O budismo, apesar de ser uma religião e ter uma transcendência como objetivo, se enquadra nesse grupo, afinal, não há sentido no samsara, além da repetição cíclica das coisas. Ao decidir buscar a libertação destes ciclos, damos um sentido às nossas vidas. Nada nos obriga a isso. Pelo menos é assim que eu entendo o budismo.

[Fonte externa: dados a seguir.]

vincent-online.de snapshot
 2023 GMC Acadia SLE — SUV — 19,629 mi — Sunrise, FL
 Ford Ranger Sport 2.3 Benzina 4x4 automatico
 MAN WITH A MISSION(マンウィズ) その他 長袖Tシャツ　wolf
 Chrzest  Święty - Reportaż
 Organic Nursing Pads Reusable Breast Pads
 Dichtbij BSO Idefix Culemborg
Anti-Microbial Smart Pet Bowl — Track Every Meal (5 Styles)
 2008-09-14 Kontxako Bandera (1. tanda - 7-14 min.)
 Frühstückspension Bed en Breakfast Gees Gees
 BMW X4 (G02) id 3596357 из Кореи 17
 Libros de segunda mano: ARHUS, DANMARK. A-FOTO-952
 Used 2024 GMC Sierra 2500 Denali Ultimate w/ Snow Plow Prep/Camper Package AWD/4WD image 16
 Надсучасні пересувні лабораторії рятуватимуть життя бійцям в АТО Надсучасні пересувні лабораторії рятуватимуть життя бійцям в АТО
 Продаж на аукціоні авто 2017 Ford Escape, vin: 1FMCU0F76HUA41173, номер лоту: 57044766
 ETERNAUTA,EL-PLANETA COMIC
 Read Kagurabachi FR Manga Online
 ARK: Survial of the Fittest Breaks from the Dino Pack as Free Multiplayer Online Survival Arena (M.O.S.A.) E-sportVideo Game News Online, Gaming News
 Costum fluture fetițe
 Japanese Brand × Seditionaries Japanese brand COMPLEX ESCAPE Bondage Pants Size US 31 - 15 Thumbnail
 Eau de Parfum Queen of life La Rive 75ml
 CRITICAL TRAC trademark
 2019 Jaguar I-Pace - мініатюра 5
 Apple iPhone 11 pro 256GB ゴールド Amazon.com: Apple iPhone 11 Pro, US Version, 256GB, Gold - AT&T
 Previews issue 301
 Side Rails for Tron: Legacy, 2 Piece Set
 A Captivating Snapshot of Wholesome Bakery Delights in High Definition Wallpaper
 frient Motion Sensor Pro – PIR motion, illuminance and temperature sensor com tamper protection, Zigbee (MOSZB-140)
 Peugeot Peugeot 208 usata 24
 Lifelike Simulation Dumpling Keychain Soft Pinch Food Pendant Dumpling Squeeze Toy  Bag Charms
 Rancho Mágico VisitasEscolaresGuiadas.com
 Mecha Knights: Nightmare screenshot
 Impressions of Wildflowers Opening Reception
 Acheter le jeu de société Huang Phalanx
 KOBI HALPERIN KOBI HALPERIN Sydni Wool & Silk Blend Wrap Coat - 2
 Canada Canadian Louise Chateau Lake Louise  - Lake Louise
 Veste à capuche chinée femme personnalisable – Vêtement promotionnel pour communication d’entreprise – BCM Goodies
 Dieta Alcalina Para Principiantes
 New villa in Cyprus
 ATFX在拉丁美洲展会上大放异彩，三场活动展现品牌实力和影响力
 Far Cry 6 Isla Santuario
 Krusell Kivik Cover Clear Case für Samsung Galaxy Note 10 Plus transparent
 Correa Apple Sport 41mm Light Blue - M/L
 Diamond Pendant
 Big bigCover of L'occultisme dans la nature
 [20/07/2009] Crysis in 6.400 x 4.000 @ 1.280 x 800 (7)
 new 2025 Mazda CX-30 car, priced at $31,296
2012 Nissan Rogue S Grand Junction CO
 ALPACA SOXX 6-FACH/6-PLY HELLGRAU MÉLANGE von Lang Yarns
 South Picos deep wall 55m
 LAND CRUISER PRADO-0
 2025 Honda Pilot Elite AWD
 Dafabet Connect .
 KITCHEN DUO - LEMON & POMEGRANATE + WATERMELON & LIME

Este não é, entretanto, um texto sobre budismo, na verdade falarei aqui de uma pequena obra de ficção científica que nos apresenta preciosas reflexões sobre a vida e a busca pelo sentido, o “Salmo para um robô peregrino”, de Becky Chambers, lançado no Brasil pela Editora Morro Branco em preciosa tradução de Fábio Fernandes. Trago o budismo para ajudar a falar desse livro pois a autora imagina uma sociedade que me parece claramente inspirada na cultura japonesa.

Temos uma lua (Panga) com uma única cidade que parece ser uma utopia resultante de uma distopia que se resolveu bem. Existe uma religião politeísta que possui monastérios e num desses monastérios temos um personagem não-binárie, chamade Irme Dex (Sibling Dex no original).

O livro é a busca dessa pessoa por sentido e essa busca se dá pela experiência muito corriqueira de sentir falta do chirriar de grilos na cidade, uma busca por um mundo mais natural, orgânico e misterioso em comparação com o mundo urbano e seus confortos e previsibilidades.

Isto leva Dex a mudar seu status monástico para o serviço do chá, ou seja, adotar a condição de monge errante que oferece chá e conversa para as pessoas a serviço de Allalae, deus dos pequenos confortos. Afinal, quem não precisa de uma pausa para uma xícara de chá e um par de ouvidos afetuosos uma vez ou outra?

Com tudo pronto, Dex parte como monge de chá pela lua em busca dos grilos inexistentes na cidade. É interessante mencionar que sua primeira cliente deu errado, assim como o Buda fracassou como professor, quando, recém iluminado, encontra uma pessoa em seu caminho e fala sobre o que havia experimentado. Elu decidira ser autodidata, parecia tudo tão fácil não é mesmo? Uma caneca de chá, ouvidos atenciosos e amorosos, o que poderia dar errado? Mas deu errado.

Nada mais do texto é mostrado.